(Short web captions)

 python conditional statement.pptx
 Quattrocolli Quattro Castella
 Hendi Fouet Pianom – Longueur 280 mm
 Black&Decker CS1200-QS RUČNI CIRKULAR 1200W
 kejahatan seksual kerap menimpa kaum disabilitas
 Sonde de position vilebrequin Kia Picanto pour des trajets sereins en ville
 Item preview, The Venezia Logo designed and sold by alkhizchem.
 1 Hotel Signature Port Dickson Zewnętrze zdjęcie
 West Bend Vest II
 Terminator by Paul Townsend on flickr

ACTIVITY: Return, word for word, every line from the line with "1 Hotel Signature" to the final line of the data.

TASK OUTPUT:
 1 Hotel Signature Port Dickson Zewnętrze zdjęcie
 West Bend Vest II
 Terminator by Paul Townsend on flickr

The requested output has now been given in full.